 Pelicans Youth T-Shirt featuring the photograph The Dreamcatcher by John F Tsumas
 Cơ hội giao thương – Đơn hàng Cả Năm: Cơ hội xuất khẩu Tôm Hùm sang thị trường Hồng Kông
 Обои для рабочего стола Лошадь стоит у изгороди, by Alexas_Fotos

==

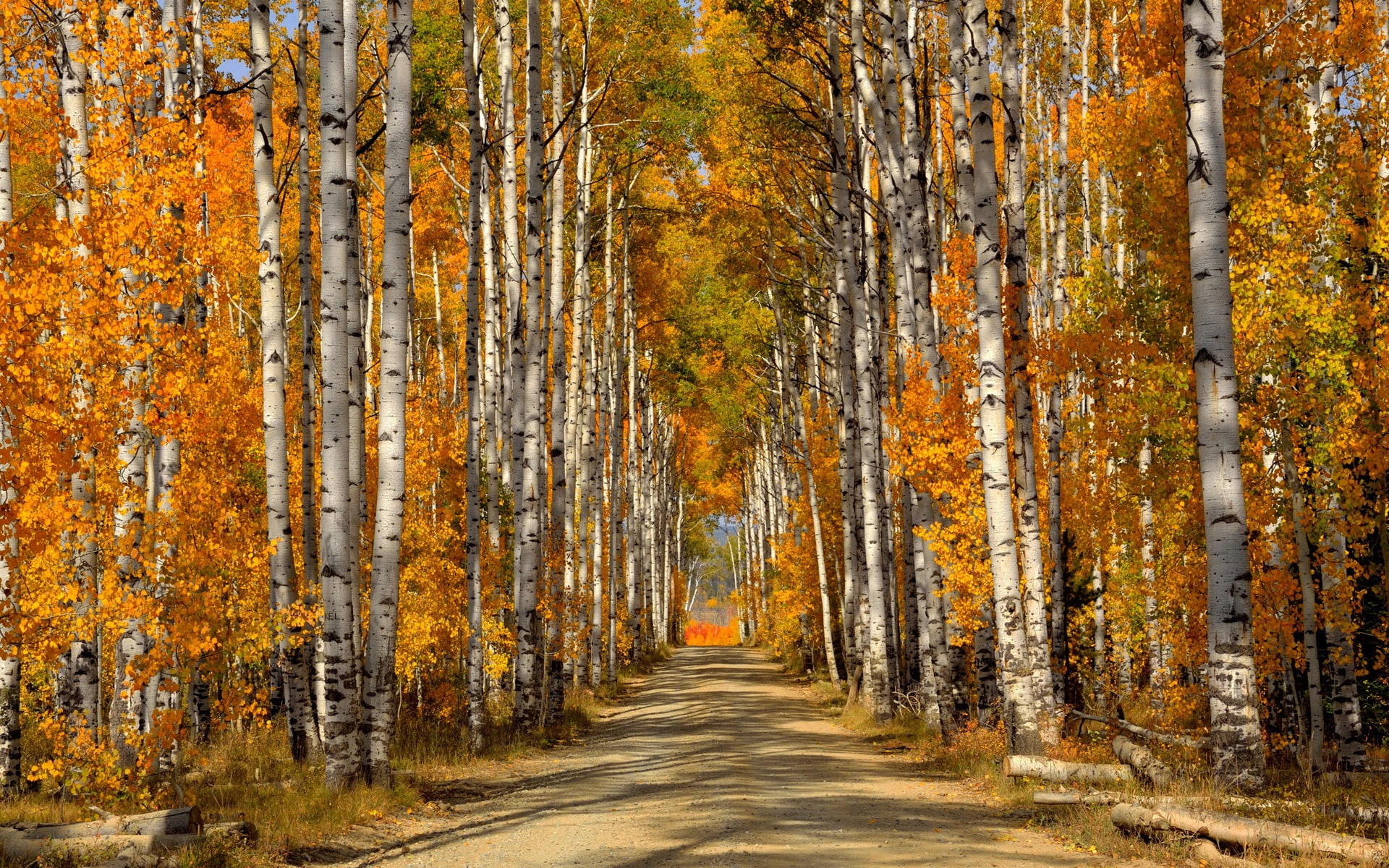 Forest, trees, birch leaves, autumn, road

**WHAT IS REQUIRED**:
Of all the entries above, output exactly the lines between the one holding "Cơ hội giao" and the one holding "Обои для рабочего", inclusive.

**TASK OUTPUT**:
 Cơ hội giao thương – Đơn hàng Cả Năm: Cơ hội xuất khẩu Tôm Hùm sang thị trường Hồng Kông
 Обои для рабочего стола Лошадь стоит у изгороди, by Alexas_Fotos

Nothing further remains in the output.